Israel Film Fund to bankroll seven new full-length movies by female directors
The Israel Film Fund last month approved support for seven full-length feature films, five of them by women directors. This in addition to films by two other women directors that were approved early last year. All seven women directors are working on their first films.
Among the films approved in December are two by actresses who will be directing their first films: "Hayerusha" to be directed by Hiam Abbass ("The Syrian Bride," "Lemon Tree") is about an Israeli-Arab family in a village near the Lebanon border that gets caught up in an inheritance battle in the shadow of the Second Lebanon War; and "Ketumim" directed by Hana Azoulay-Hasfari ("Shehor," "Sheva"), about a grandmother searching for an heir to her unique ability to dream and her daughter, who refuses to be the heir.
Also approved were "Shekarim Baz" directed by Maya Koenig, about a young woman who arrives in Israel for a visit and meets her father after many years; "Ad Sof Hakayitz" directed by Noa Aharoni, about a man who comes back into the life of his daughter and granddaughter after many years of absence; and "Maria Shehora" directed by Zohar Uriya, about a boy who grows up in a family with a violent father.
The films approved in January are "Laila Ve'od Laila" directed by Tamar Yarom, based on Aharon Appelfeld's book, and "Velemaleh et Hahalal" directed by Ramah Burstein, about an ultra-Orthodox woman who falls in love with her widowed brother-in-law.
Two other projects that the fund approved support for last month are "Footnote," a new film by Joseph Cedar ("Beaufort") about a father and son, both respected professors, whose relationship is shaken by the race to become candidates for the Israel Prize, shatters the ivory tower and moves the family to expose low points and suppressed feelings; and "Play-Off" directed by Eran Riklis, about a legendary basketball coach who left Israel in the 1970s at the height of his career and is appointed coach of the German national team, a step that brings him into conflict with his past and with his family.
Riklis' film is based on the life story of Ralph Klein.

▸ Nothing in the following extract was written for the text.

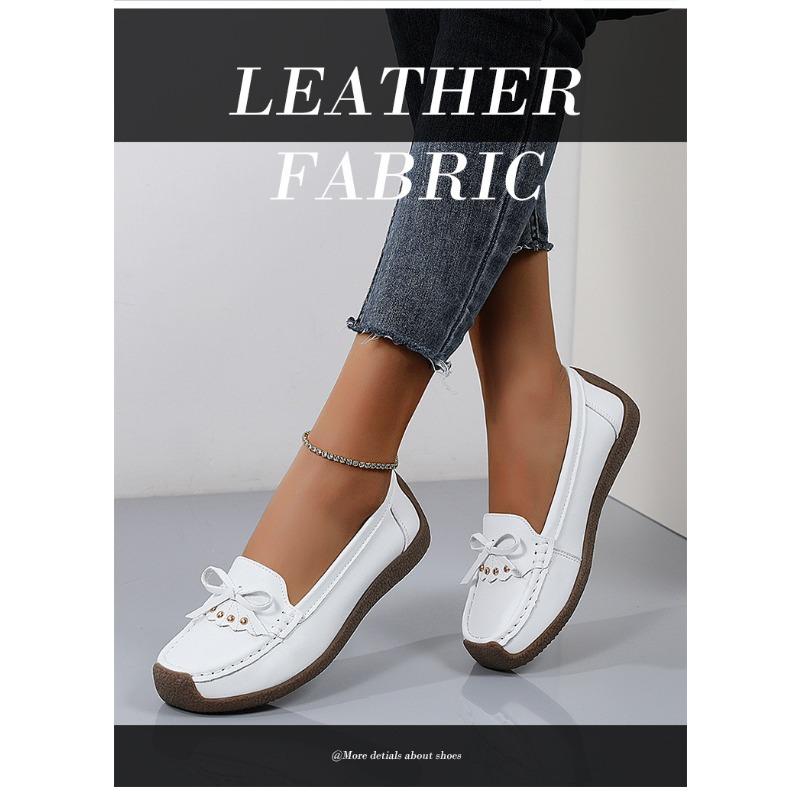 Casual Women's Flat Shoes with Soft Soles and Soft Tops, Large-sized Bean Shoes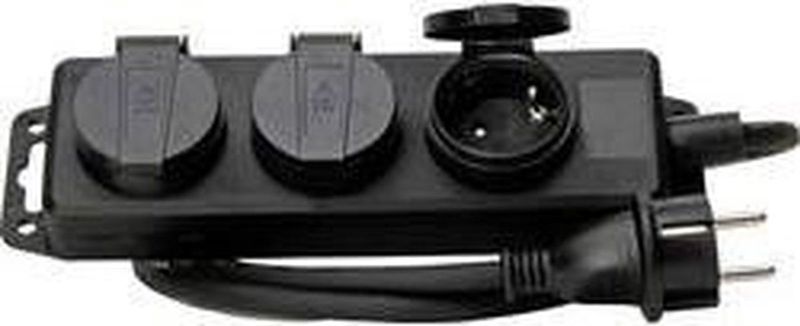 Kopp 223003044 Stekkerdoos 3-voudig Zwart Randaarde Stekker 1 Stuk(s)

The fund notes that the choice of projects for 2009 was based on the usual reading and sorting process, and did not result from any intentional policy or decision to favor films by women. The large number of films by women is surprising, and especially gladdening in light of the small number of women directors: Based on assessments in Israel and the world, only around five percent of films are directed by women.